## Problem:
The response must contain each line of the material that holds "item".

:::

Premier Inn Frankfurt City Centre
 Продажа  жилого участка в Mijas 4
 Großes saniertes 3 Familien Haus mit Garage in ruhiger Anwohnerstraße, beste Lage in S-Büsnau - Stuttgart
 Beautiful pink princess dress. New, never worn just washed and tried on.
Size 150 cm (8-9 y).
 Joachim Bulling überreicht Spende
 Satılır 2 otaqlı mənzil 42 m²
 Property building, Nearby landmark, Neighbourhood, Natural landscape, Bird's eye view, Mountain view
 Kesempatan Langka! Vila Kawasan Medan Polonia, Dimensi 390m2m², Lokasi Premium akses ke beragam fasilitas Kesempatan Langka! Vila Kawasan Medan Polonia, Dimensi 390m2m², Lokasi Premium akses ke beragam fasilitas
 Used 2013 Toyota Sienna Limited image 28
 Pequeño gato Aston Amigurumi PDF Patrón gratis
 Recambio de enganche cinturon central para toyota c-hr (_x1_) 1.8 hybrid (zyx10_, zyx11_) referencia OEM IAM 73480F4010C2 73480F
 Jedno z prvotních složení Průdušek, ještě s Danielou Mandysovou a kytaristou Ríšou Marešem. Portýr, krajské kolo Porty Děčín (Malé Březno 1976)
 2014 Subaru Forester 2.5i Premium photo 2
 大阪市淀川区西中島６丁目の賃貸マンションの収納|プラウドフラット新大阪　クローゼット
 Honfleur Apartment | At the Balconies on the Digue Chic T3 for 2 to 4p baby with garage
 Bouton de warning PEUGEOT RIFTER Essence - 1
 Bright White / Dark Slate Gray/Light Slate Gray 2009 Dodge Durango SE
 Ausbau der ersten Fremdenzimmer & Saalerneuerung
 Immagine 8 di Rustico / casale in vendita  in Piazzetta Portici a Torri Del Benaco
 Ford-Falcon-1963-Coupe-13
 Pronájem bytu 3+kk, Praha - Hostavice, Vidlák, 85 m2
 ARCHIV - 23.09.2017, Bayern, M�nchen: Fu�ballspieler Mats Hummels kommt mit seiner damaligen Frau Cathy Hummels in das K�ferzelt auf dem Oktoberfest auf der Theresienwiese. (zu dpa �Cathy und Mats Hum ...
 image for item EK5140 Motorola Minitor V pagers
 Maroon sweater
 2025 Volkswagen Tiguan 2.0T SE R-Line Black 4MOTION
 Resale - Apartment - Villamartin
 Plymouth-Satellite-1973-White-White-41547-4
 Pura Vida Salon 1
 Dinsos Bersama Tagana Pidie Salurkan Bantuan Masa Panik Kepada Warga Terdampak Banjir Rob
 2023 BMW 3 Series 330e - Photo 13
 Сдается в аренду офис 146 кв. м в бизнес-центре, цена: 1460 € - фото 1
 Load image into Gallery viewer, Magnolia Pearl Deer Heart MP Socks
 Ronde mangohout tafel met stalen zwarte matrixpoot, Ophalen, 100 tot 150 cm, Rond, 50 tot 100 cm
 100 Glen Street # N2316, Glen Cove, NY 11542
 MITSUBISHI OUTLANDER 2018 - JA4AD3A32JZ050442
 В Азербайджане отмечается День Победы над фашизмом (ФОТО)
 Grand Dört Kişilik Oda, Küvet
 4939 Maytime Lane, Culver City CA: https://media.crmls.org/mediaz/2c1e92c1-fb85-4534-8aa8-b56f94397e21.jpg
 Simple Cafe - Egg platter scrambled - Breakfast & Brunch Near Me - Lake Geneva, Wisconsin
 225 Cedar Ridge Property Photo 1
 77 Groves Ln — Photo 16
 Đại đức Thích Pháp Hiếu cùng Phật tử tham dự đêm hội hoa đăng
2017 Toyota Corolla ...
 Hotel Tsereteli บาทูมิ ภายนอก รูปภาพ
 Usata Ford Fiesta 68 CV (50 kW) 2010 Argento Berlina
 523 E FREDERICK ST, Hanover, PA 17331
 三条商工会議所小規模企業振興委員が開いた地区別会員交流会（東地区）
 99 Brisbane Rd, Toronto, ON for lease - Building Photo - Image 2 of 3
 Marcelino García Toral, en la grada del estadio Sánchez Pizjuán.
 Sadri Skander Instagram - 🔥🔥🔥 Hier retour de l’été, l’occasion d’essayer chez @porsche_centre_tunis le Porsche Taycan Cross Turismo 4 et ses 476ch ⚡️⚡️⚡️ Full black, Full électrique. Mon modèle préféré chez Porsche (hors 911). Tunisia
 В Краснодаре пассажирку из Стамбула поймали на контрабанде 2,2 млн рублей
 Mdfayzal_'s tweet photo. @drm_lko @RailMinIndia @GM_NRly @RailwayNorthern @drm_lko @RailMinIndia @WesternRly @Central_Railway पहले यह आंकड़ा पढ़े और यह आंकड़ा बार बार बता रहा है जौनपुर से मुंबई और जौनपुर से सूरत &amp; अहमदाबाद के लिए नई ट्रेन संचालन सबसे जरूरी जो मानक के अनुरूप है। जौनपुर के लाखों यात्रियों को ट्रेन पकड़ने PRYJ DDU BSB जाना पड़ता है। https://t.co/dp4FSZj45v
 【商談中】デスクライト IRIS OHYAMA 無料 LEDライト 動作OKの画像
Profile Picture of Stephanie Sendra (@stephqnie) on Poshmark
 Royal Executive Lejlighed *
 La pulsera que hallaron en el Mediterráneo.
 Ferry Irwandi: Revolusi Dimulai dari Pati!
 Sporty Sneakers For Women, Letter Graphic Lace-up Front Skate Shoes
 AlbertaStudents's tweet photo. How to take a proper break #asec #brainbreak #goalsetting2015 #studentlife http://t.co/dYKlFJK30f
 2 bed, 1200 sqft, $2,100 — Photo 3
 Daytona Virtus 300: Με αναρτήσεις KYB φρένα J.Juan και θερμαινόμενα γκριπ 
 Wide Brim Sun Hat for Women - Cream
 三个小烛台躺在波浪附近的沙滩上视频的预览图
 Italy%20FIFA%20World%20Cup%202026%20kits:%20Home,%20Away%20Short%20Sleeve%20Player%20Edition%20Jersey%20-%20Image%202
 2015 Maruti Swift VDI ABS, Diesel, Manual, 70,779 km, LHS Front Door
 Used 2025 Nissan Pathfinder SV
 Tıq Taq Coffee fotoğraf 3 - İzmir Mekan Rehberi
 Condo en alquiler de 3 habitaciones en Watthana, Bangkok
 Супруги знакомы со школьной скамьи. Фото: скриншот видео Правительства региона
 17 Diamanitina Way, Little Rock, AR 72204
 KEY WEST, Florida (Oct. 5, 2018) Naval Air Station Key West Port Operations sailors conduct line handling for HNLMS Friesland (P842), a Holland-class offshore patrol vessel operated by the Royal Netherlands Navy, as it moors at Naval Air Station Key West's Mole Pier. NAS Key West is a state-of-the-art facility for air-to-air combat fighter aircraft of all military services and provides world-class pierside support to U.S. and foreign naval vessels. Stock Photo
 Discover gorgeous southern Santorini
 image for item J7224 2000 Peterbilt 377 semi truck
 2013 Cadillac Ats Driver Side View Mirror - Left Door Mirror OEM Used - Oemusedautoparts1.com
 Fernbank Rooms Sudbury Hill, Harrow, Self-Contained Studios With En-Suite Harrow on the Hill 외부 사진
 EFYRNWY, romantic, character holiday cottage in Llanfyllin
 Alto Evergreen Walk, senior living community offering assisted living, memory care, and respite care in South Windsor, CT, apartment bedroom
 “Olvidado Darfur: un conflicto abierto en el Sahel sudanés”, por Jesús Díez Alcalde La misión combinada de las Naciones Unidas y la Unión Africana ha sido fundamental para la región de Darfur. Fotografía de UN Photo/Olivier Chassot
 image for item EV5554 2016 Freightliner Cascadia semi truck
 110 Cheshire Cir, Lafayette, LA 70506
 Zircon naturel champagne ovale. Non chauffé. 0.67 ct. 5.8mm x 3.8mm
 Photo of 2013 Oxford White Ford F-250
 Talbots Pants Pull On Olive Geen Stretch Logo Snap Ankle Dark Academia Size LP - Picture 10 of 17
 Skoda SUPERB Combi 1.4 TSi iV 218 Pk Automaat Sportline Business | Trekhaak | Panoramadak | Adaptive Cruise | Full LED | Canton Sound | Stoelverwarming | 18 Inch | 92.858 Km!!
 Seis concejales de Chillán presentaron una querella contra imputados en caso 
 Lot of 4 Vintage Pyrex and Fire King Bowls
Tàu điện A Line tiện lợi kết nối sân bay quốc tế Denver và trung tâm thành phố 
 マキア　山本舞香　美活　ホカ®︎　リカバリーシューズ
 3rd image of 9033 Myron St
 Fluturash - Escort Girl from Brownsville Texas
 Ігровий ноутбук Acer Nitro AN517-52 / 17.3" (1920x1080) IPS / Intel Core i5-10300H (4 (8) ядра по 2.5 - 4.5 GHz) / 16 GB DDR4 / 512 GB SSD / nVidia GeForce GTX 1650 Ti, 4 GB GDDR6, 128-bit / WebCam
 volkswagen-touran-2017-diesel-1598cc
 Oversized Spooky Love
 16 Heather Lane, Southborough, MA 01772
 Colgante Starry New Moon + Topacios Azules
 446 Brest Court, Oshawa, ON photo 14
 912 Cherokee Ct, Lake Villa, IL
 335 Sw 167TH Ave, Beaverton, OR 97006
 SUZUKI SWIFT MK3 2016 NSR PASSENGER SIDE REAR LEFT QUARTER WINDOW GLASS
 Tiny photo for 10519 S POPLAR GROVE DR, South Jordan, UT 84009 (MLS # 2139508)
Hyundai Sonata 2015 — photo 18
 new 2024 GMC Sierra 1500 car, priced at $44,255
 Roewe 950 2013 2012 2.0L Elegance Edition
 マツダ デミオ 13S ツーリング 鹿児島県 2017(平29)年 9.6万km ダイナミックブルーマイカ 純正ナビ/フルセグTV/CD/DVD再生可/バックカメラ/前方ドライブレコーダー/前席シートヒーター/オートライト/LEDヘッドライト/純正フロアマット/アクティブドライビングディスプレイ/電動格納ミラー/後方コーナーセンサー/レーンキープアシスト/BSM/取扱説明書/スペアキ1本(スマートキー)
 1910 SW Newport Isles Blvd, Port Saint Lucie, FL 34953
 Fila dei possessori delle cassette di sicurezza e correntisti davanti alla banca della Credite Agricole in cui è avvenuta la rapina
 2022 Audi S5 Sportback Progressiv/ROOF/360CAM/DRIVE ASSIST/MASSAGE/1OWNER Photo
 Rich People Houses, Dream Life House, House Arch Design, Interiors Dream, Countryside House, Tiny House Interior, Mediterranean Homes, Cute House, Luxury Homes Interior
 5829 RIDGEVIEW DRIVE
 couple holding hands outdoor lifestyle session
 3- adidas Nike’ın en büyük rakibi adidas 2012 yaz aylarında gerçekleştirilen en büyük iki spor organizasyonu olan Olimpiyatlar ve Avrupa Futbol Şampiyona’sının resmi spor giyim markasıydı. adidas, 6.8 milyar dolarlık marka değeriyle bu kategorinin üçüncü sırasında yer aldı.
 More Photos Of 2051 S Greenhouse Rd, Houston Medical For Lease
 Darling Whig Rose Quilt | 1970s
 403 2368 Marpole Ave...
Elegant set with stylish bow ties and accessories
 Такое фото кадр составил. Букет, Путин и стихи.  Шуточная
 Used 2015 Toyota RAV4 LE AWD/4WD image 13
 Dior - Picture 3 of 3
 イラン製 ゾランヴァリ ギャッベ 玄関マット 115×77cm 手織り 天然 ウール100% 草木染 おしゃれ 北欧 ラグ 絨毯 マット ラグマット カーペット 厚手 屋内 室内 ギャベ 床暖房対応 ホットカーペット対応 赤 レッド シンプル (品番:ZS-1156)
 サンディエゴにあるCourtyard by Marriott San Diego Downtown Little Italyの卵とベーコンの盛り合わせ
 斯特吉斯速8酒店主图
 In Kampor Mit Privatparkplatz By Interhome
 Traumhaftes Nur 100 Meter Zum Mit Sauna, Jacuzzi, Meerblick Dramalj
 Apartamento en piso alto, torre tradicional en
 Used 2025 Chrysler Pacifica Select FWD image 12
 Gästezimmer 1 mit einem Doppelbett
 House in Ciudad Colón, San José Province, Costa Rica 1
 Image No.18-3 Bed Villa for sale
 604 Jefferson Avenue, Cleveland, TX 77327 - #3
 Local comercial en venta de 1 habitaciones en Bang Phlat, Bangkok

:::

## Solution to this problem:
 image for item EK5140 Motorola Minitor V pagers
 image for item J7224 2000 Peterbilt 377 semi truck
 image for item EV5554 2016 Freightliner Cascadia semi truck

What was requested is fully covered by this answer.